En el verano de 1081, Alfonso VI se enfrentó a Rodrigo Díaz, no se sabe si como efecto del juramento de Santa Gadea, con la convicción de que debía aprovechar el enorme potencial militar de su caballería para doblegar al rey de la taifa de Toledo en lugar de mantener las parias, que era lo que le proponía el Cid. Alfonso VI, con excelente formación caballeresca y buen conocimiento del mundo andalusí gracias a su larga estancia en Toledo cuando escapó de su hermano Sancho II, había llegado a la conclusión de que era posible la ocupación del valle del Tajo. Tenía una extrema seguridad en sí mismo, cualidad extraña entre los reyes de Castilla del siglo XI, más preocupados por encontrar la supremacía en los conflictos con sus vecinos cristianos.

Los obispos aportaron la doctrina necesaria a sus planes militares manifestando que esa conquista era en realidad una Reconquista, pues solo se trataba de recuperar la vieja capital de los visigodos, la sede de los concilios y lugar donde Recaredo se convirtió al catolicismo promoviendo la unificación del reino en una sola corona y en una única religión. Serio, ingenioso, exigente e infatigable, Alfonso VI azuzaba constantemente a los nobles de la frontera a que aceptaran sus planes, y nadie, ni siquiera Rodrigo Díaz, se lo iba a impedir. Era un poco megalómano y eso le iba a costar caro en los años siguientes, pero de momento se había salido con la suya. El rey al-Qadir había capitulado y él entraba triunfante en la vieja capital, aceptando que sus publicistas le calificaran como imperator totius Hispaniae, que, abusando un poco, se podría traducir como emperador de toda España.

La toma de Toledo vislumbró un futuro prometedor en dos sentidos diferenciados. Por una parte, la ocupación de un extenso territorio no solo ofreció prosperidad a los concejos, cuyos extensos términos municipales fueron presididos por fuertes ciudades, sino que también facilitó nuevos recursos a la corona con los que se pudo acometer la renovación del armamento caballeresco, en profunda transformación en esos años. En este sentido el adjetivo prometedor guarda relación con las promesas realizadas por Alfonso VI a los guerreros y a los campesinos. En un segundo sentido, ese futuro prometedor significaba que Castilla y León deseaban más de lo que podían obtener. Comenzó una forma de vida basada en la esperanza perpetua de nuevas tierras, de nuevas riquezas y de nuevos recursos, y esa forma de vida de insaciables conquistadores planteaba serios problemas de convivencia con los andalusíes. La sociedad corrió el riesgo de fracasar en el intento de alcanzar grandes aspiraciones o de entrar en crisis por asumir proyectos poco realistas, exagerados o incluso utópicos. Con excesiva frecuencia, los escritores del aula regia, en su mayoría clérigos, proponían planes que guardaban escasa relación con los objetivos que realmente estaban al alcance de la sociedad castellano-leonesa del siglo XI.
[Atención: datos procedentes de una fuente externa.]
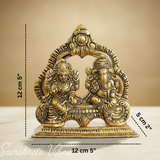 Metal Lakshmi & Ganesha Idol Pair Gold-Finish Mini Statues (12 cm Length × 12 cm Height), 200 g Auspicious Home Puja Decor & Diwali Gift - Retail Maharaj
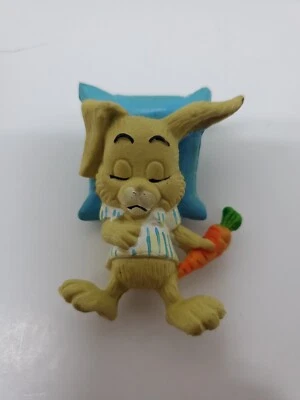 Vintage 1970's W Berrie Easter Bunny Rabbit Sleeping Collectible PVC Toy - Image 1 of 4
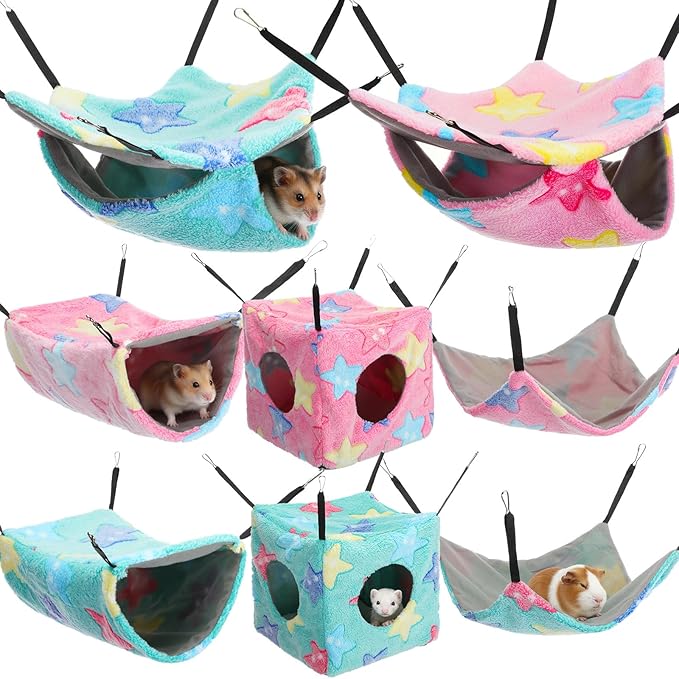Sadnyy 8 Pcs Velvet Ferret Hammock Washable Rat Hides Guinea Pig Cage Accessories Pet Hideout Tunnel Cave Ferret Bed Toys for Chinchilla Hamster Sugar Glider Squirrel Hide Play and Sleep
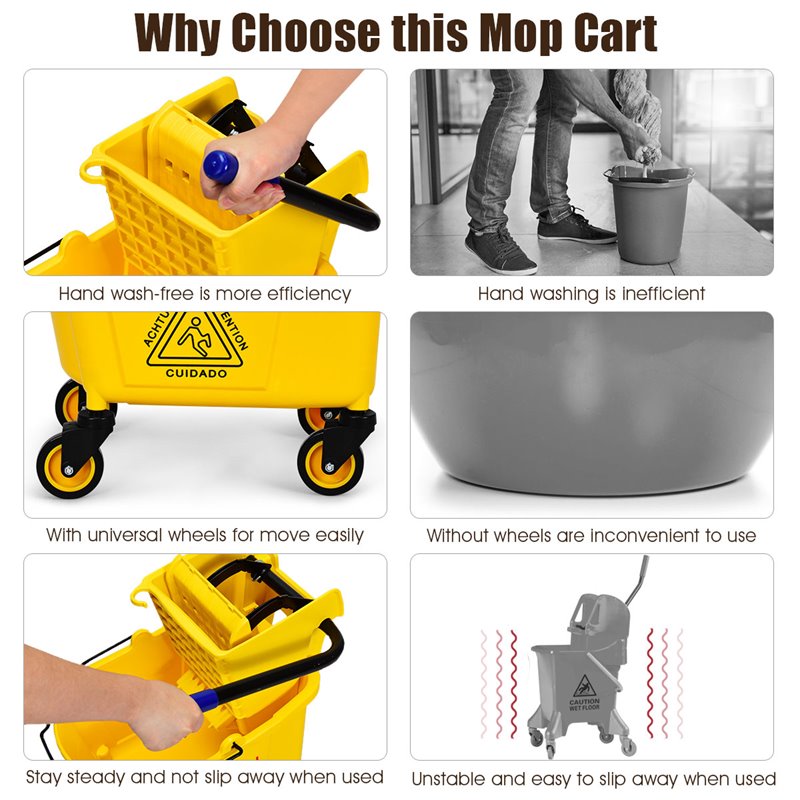 Costway PP and Iron Cleaning Wringer with Swivel Wheels in Yellow/Black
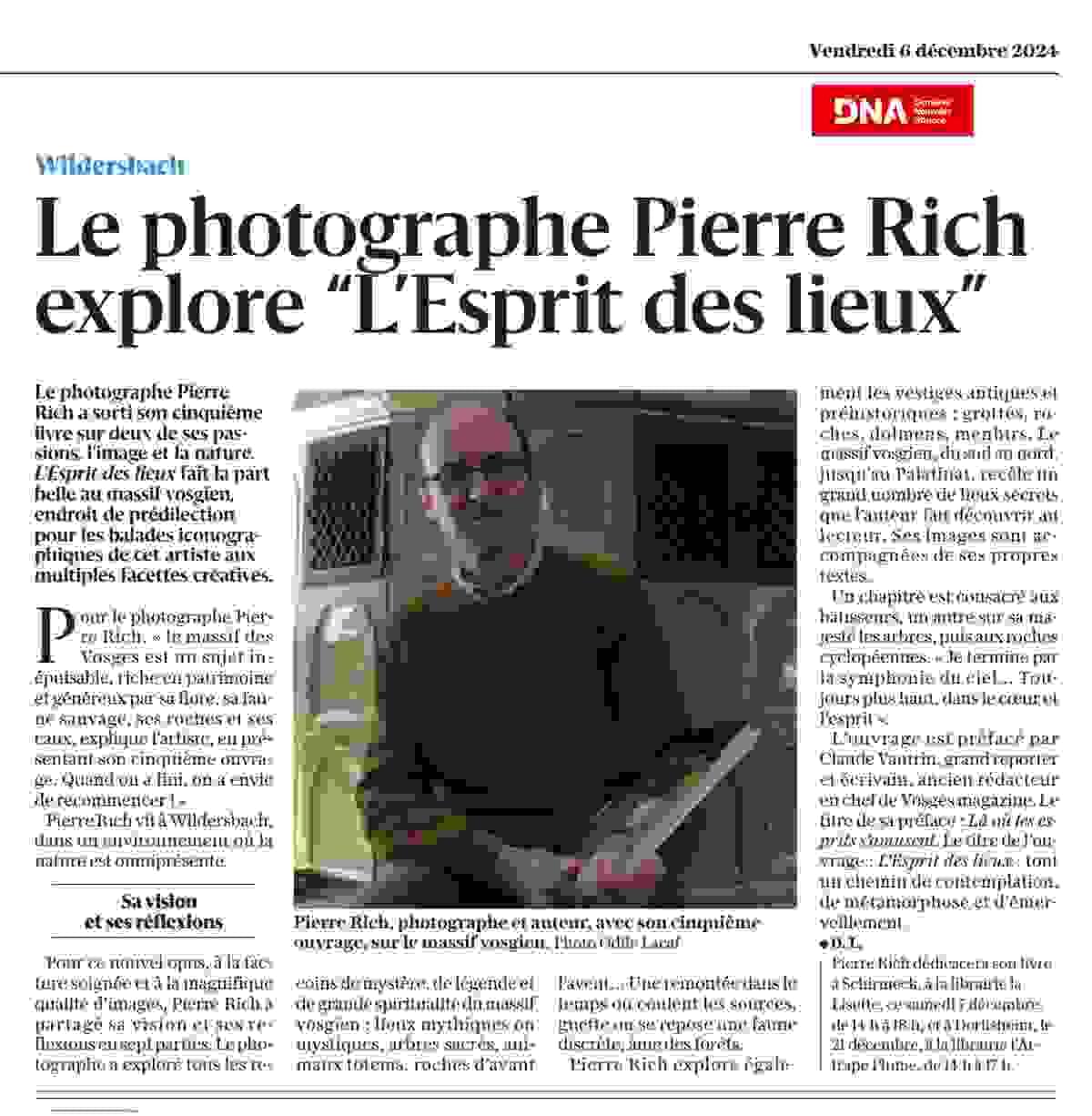 Pierre Rich reinvents the presentation of his photographs through landscape installations that invite an immersive experience. Artistic Installations Our Vision Born in 1963 in Versailles, professional photographer residing in the heart of the Alsatian Vosges, teacher, organizer of exhibitions and shows, Pierre Rich is interested in photographing, here or elsewhere, strange landscape sites and particularly mountainous environments, forests, and stones. Primarily a nature and heritage photographer, he is committed to translating the subtleties, myths, and humanism in a sharp and refined approach to framing and light. His images convey all the plastic and visual qualities of nature, at the center of his work, in an inspired wandering. For several years, he has been focusing on presenting photography differently, alongside more "classic" displays of his images, in the form of landscape installations and performances. He regularly exhibits his images and also publishes numerous photography books that are calls to marvel at the splendor of the World. Pierre Rich reinvents the presentation of his photographs through landscape installations that invite an immersive experience. Artistic Installations Our Vision Born in 1963 in Versailles, professional photographer residing in the heart of the Alsatian Vosges, teacher, organizer of exhibitions and shows, Pierre Rich is interested in photographing, here or elsewhere, strange landscape sites and particularly mountainous environments, forests, and stones. Primarily a nature and heritage photographer, he is committed to translating the subtleties, myths, and humanism in a sharp and refined approach to framing and light. His images convey all the plastic and visual qualities of nature, at the center of his work, in an inspired wandering. For several years, he has been focusing on presenting photography differently, alongside more "classic" displays of his images, in the form of landscape installations and performances. He regularly exhibits his images and also publishes numerous photography books that are calls to marvel at the splendor of the World.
En ese futuro prometedor, atisbado tras la Capitulación de Toledo, prevalecían una aura de irrealidad y un ambiente político, social y cultural a menudo rayano en la euforia. No solo la creencia de un destino manifiesto que les había permitido recuperar lo perdido el 771 proyectaba una actitud ante la vida que no admitía el más mínimo contratiempo, sino que además la sensación de un futuro prometedor no resultó nada propicia cuando se produjo un desastre como el de Zallâqa, que requería una mirada perspicaz sobre el significado histórico de los almorávides, apta para discernir entre una situación momentánea y una dificultad imposible de solventar. El frío Alfonso VI habría sabido diferenciar ambas situaciones y quizás solventarlas si hubiera vivido más tiempo. Ni su hija Urraca, ni el esposo de esta, Alfonso I el Batallador, rey de Aragón, lo lograron.